Global trade is facilitated by commercial shipping with 90% of all goods and moveables transported via the sea, and world merchandise exports were valued at $15.46 trillion in 2016. As a fundamental contributor to the world economy, it is no surprise that ship-owners and builders of seaborne commerce are starting to consider and adopt the latest technologies to combat inefficiencies.

Autonomous transportation is certainly not limited to land, and fleets of autonomous vessels will take to our seas in the coming decades, with a symposium on this topic set for later this year. One major investor in maritime technology is Rolls Royce, recently announcing a £1bn maritime business initiative to develop and apply new technology. They also recently announced the successful test of a remotely controlled tugboat in Copenhagen. This also comes as the first commercial autonomous vessel is set to become a reality in 2020 with the Yara Birkeland to make voyage in Norway’s coastal waters. This is the latest step in automation as ports have already begun automating the logistics of port container transport.

A study into autonomous vessels has shown how ship-owners are increasingly interested in applying the latest technologies due to the potential savings in energy consumption, as well as the reduced costs associated with personnel, health and safety, operations and legal disputes. This comes as the industry has increased pressure to reduce CO2 emissions and increase operational costs. Although, shipping institutions have expressed caution in implementing this new degree of digitisation and automation, with cyber-security concerns being an overarching consideration.

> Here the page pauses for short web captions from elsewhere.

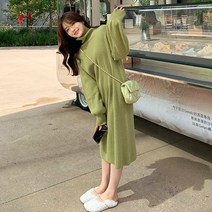 메이킹유 H4150베이스니트원피스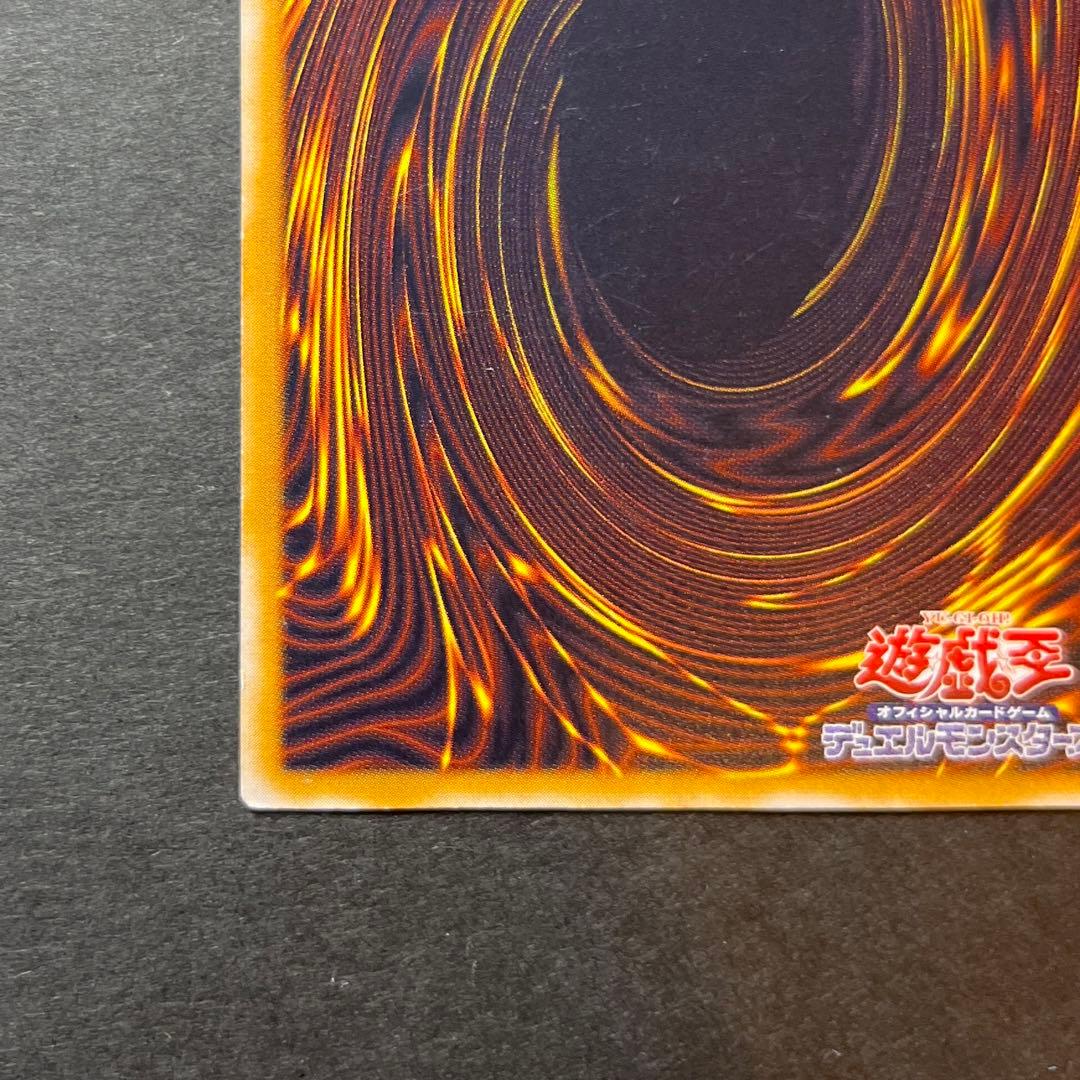 ブルーアイズ・ホワイトドラゴン 青眼の白龍 SM-51 レリーフ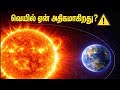 சூரியனை நெருங்குதா பூமி? வெயில் அதிகமாவது ஏன்? Summer heat myths | explained in Tamil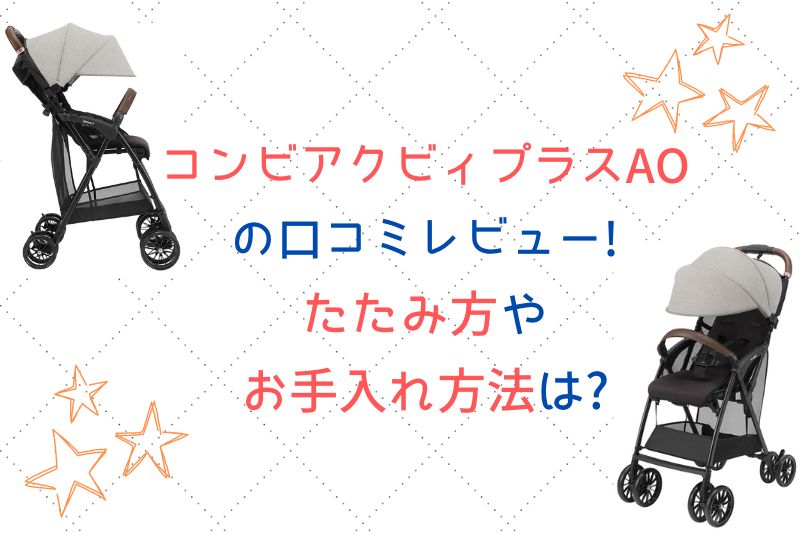 コンビアクビィプラスAOの口コミレビュー！たたみ方やお手入れ方法は？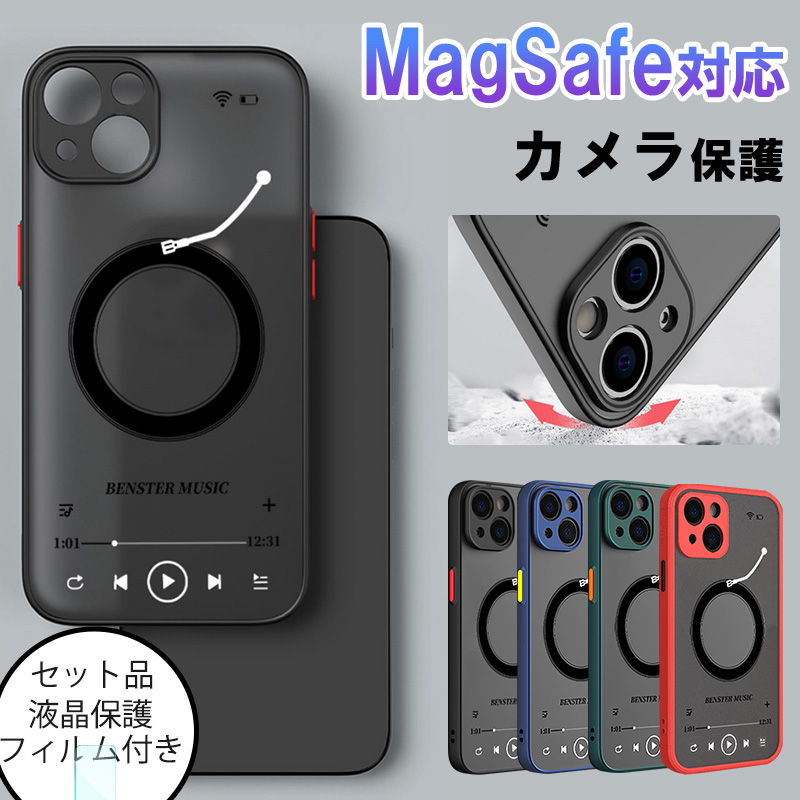 iPhone12 mini ケース MagSafe 対応 iPhone 12 Pro Max ケース クリア マット iPhone12プロ ケース MagSafe カバー iPhone12ProMax ケース 耐衝撃 薄 フィルム｜k-seiwa-shop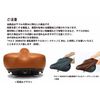Shoyo SD-10 BR Lightweight Thick Saddle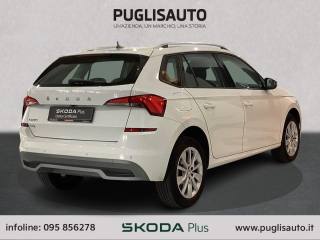 SKODA Kamiq usata, con Airbag Passeggero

The ongoing progress demonstrates the new capabilities in shipbuilding and navigation as technology starts to play a much more prominent role in commercial shipping. It is for this reason that this paper considers the common law approach to the implied warranty of seaworthiness and the possibility for a future autonomous vessel to determine its own seaworthiness. English common law and statutes are also the best instruments to analyse and apply in this context as multiple shipping nations around the world incorporate the English legal position with respect to seaworthiness to set its own standard.

Warranty of Seaworthiness

A warranty concerned with marine insurance law is a promissory condition in which the assured provides to the insurer. Such a warranty would be to confirm a vessel’s suitability to undertake a proposed voyage as a pre-requisite to assuming risk. The warranty of seaworthiness is an implied warranty provided by the Marine Insurance Act 1906, and it is considered paramount in marine insurance. This implied warranty applies to voyage policies of marine insurance at the commencement of the risk, and it can apply to a time policy where a vessel is sent to sea in an unseaworthy state with the privity of the assured. The importance of implied warranties in marine insurance developed in the seventeenth-century across three key cases which established the ‘warranty of convoy’ and the action of non-assumpsit, which was utilised by underwriters at the time.

The warranty of seaworthiness is one of three main implied warranties which apply to marine insurance policies, including the warranties of cargo worthiness and legality. These warranties were developed by Lord Mansfield shortly after he became the Chief Justice of Kings’ Bench in 1756. Lord Mansfield set forth a strict approach to warranties in the case of Woolmer v Muilman, including the approach that warranties should be construed according to merchant customs, the parties’ intentions, and strict compliance. This was demanded by warranties in marine insurance as reflected in the application of the Marine Insurance Act 1906.

Lord Mansfield’s strict approach to marine insurance warranties was of crucial importance to underwriters, as it enabled insurers to discharge any liability to a covered loss in case of a breach. A breach of an implied warranty is treated as significant and a condition on which the contract is founded. However, it is down to the insurer to prove an assertion that a breach of warranty has occurred with respect to the seaworthiness of the insured vessel, as it is taken, prima facie, that a ship is seaworthy at the commencement of risk.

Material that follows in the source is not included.